Time Lapse (4D) seismic and Rock Physics model was constructed in Melati oil field on central Sumatra Basin to monitoring and tracking steam flood and production related changes in the reservoir. A model of the reservoir steam flood was constructed for a pattern steam flood in Area X of the field. The model was based on a geostatistical geological model and populated with temperature and porosity. Pressure and saturation properties were added to provide the necessary input for seismic modeling. Through a rock physics model based on the core analysis of the field, the elastic properties (Vp, Vs and density) were determined from the reservoir properties. These elastic properties were used to determine the seismic response of the model with and without steam. The results indicated that from the rock physics modeling using Gassmann equation, steam injection decreases the V_p by an average of 20-25% in the reservoir sands. Rock physics analysis also show that shear velocities are also sensitive to steam injection, with an average decrease of 12%. However, the Gassmann calculation results show that V_s is insensitive to steam injection.

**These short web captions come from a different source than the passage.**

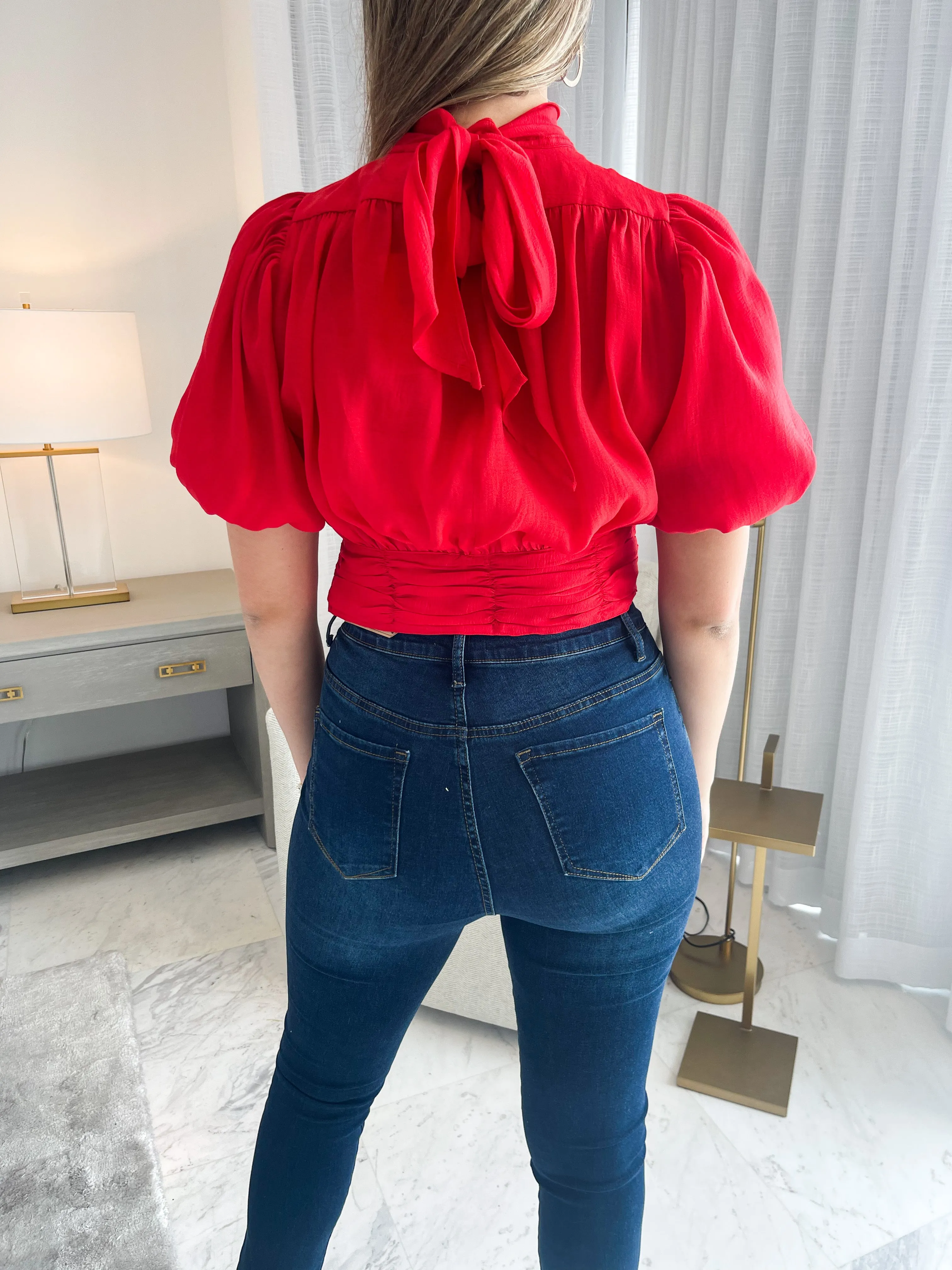 SOPHISTICATED CROP TOP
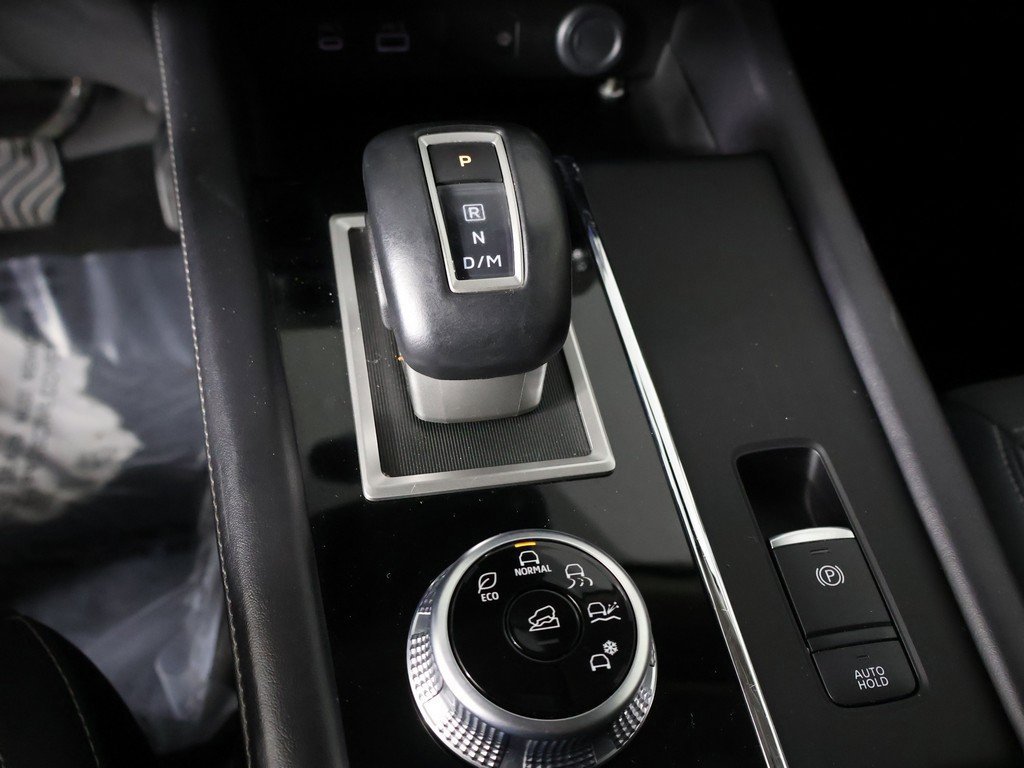 Used 2024 Mitsubishi Outlander SE image 50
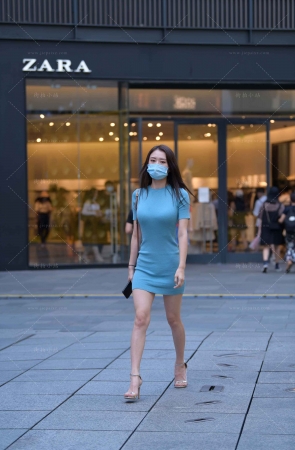 高跟短裙小姐姐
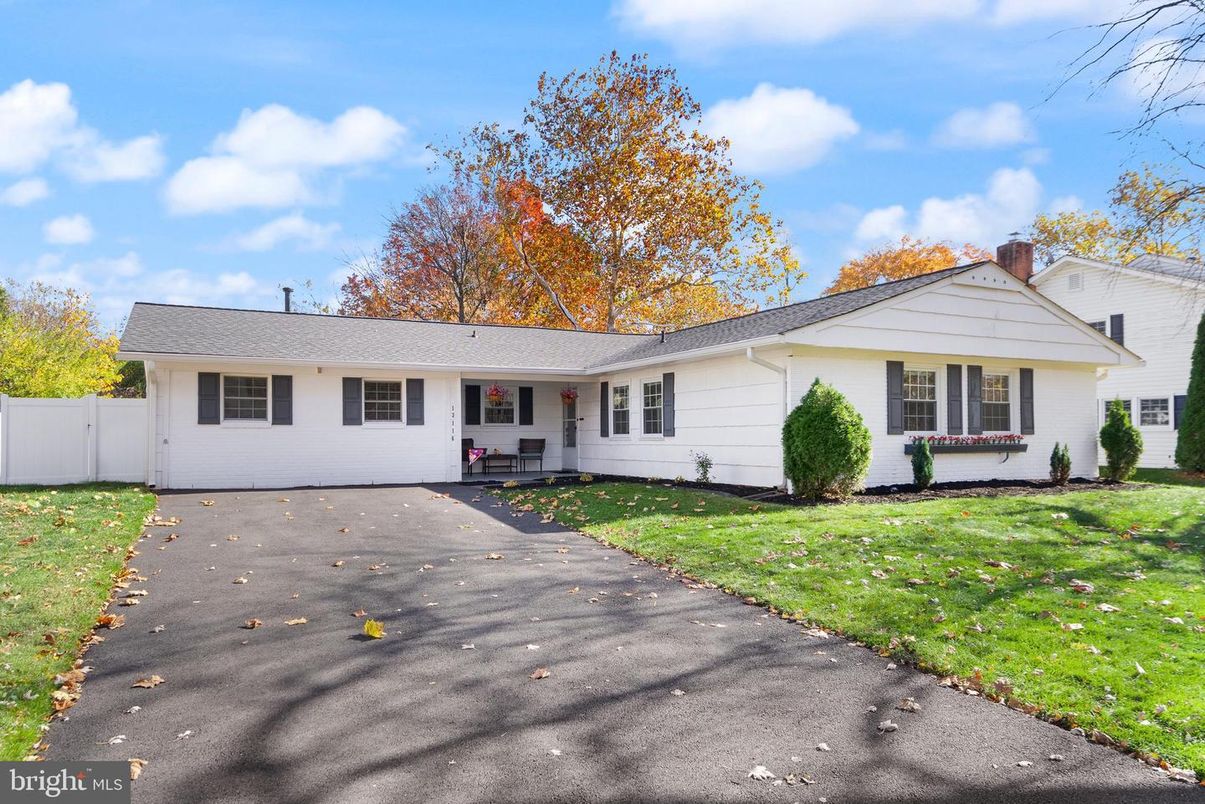 Exterior, Facade, Ranch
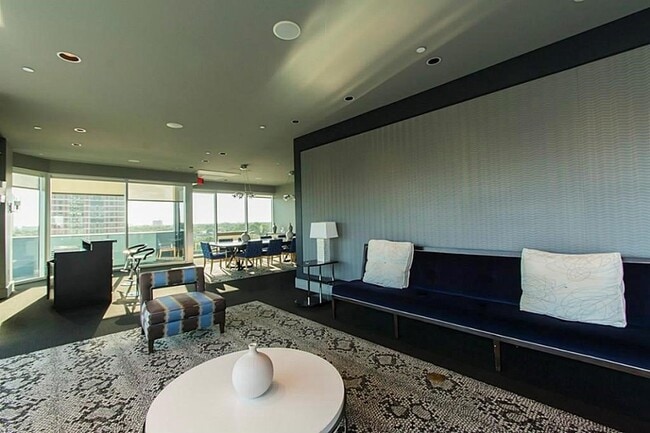 Building Photo - 1600 Post Oak Blvd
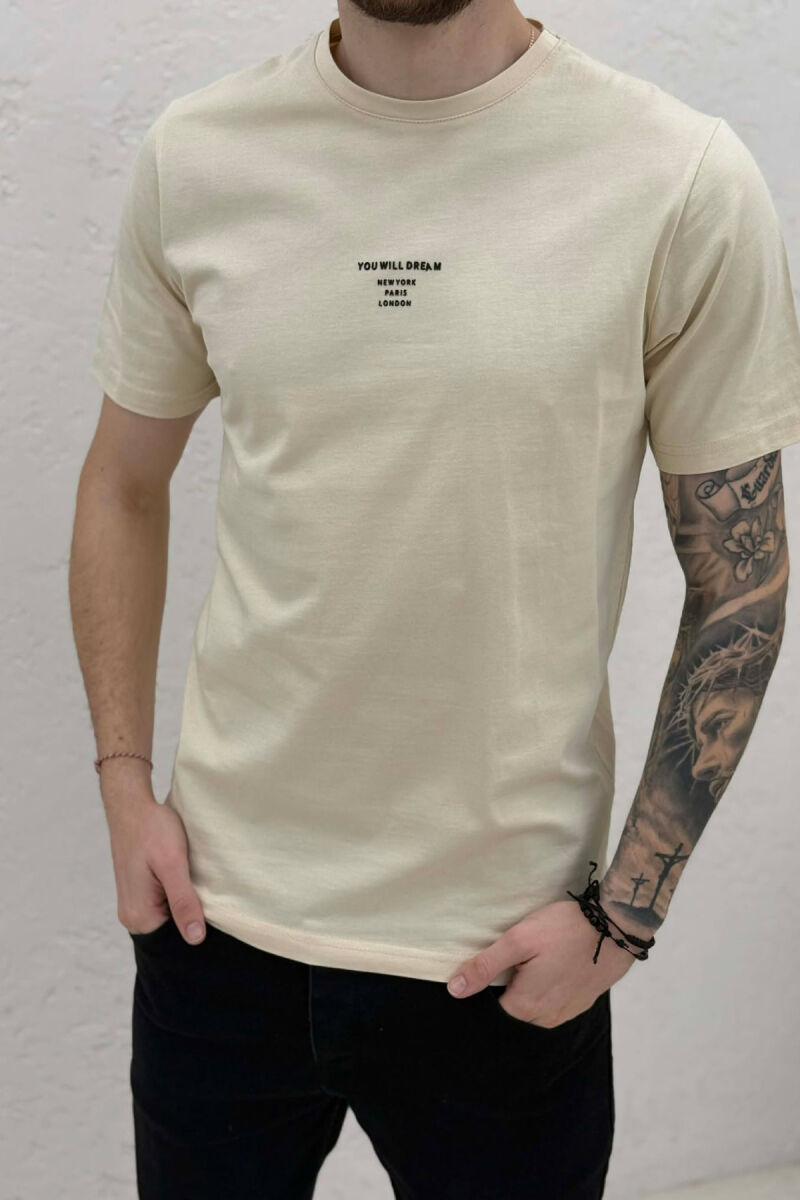 T-SHIRT NJE NGJYRESH ME SHKRIME TE THJESHTA PER MESHKUJ NE NGJYRE BEZHE - 2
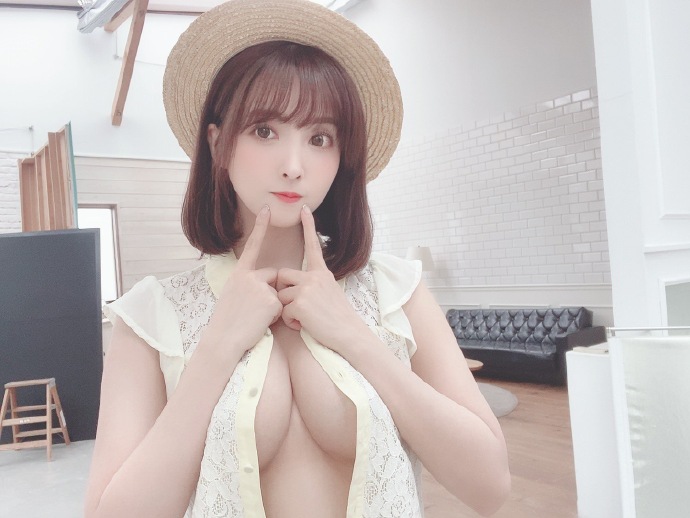 宅男社福利图片[第34期]瘟疫过后，你最想见到的人是谁？[找点图片www.yyloser.com整理发布]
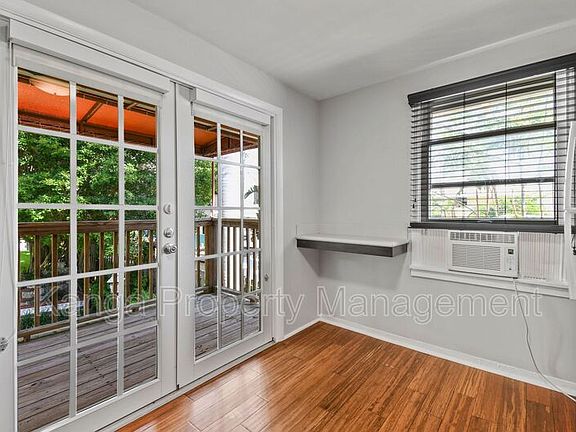 4th image of 208 S K St APT 3
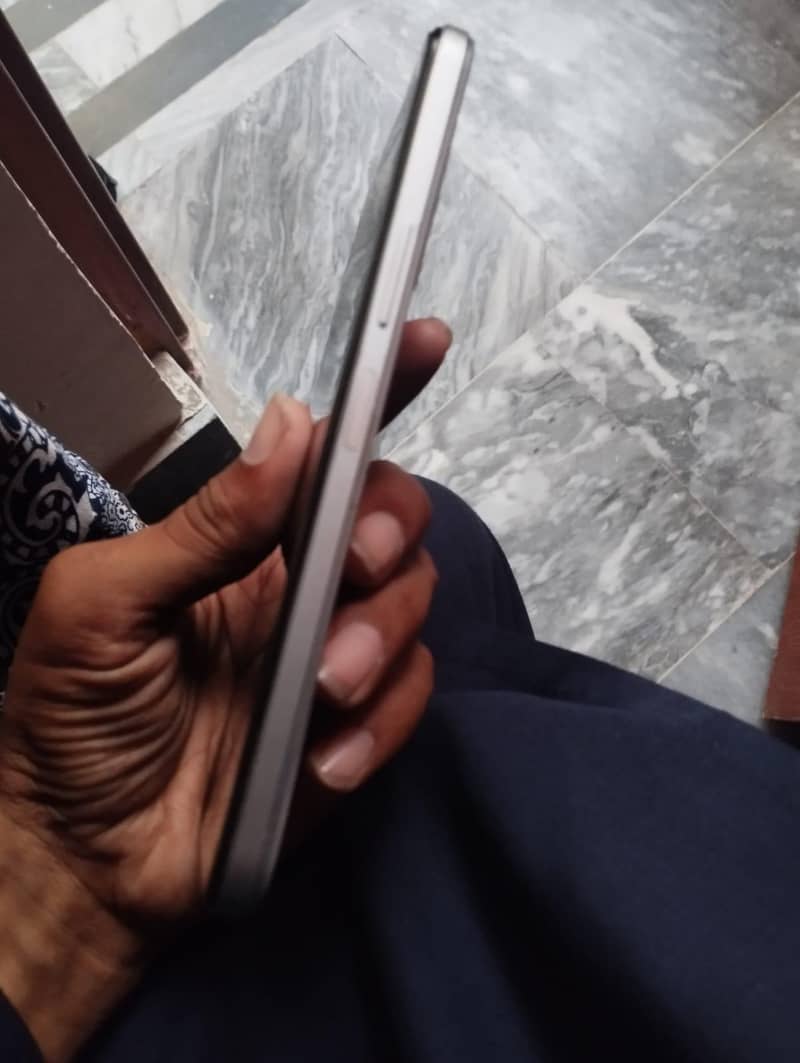 Infinix Note 12 Pro 8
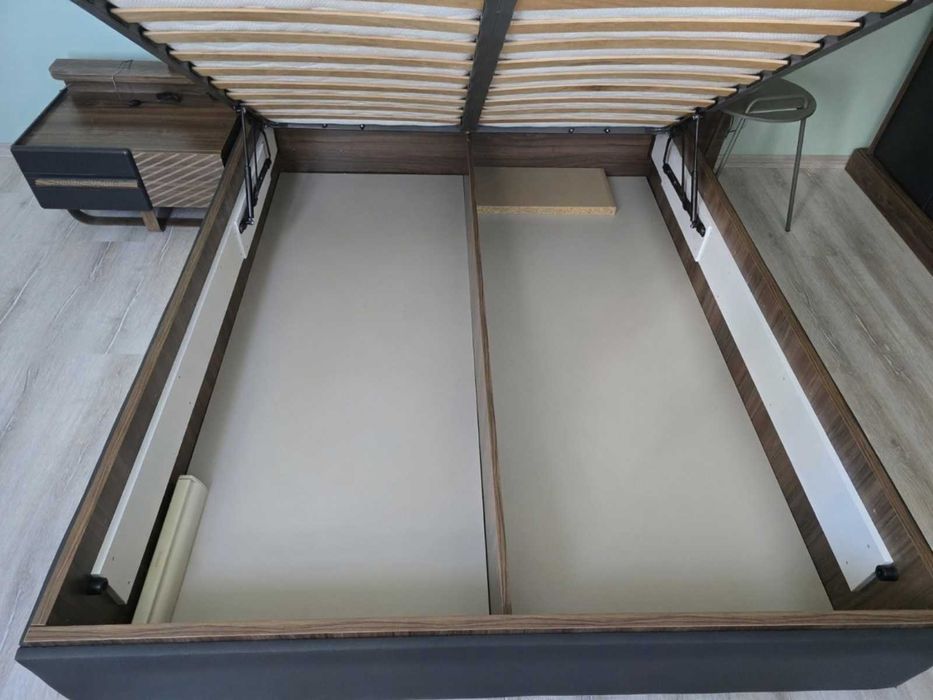 Дава се под наем Тристаен апартамент в Пловдив, Център - 130 кв.м за 714 € - Снимка #3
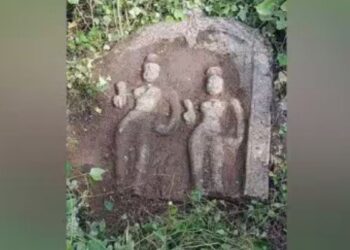 உசிலம்பட்டியில் மண்ணில் புதைந்து வரும் வீர வரலாறுகள்: ‘வளரி’ நடுகற்களைப் பாதுகாக்கக் கோரிக்கை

This discrepancy is probably caused by Gassmann's assumptions that no chemico-physical interactions exist between the rocks and pore fluids. Time shifts in seismic modeling events provided an indication of the presence of steam in the overlying reservoir. The relationship between time shift and steam thickness was strong for thick steam, but it was not possible to distinguish thin steam zones from thick hot oil zones solely on the basis of time shift. At the same time, tuning betweenrnthe steams related and geologically related seismic events influenced seismic amplitudes. It appears that a combination of attributes is necessary to resolve the effects of steam on the 4D seismic data acquired over the field.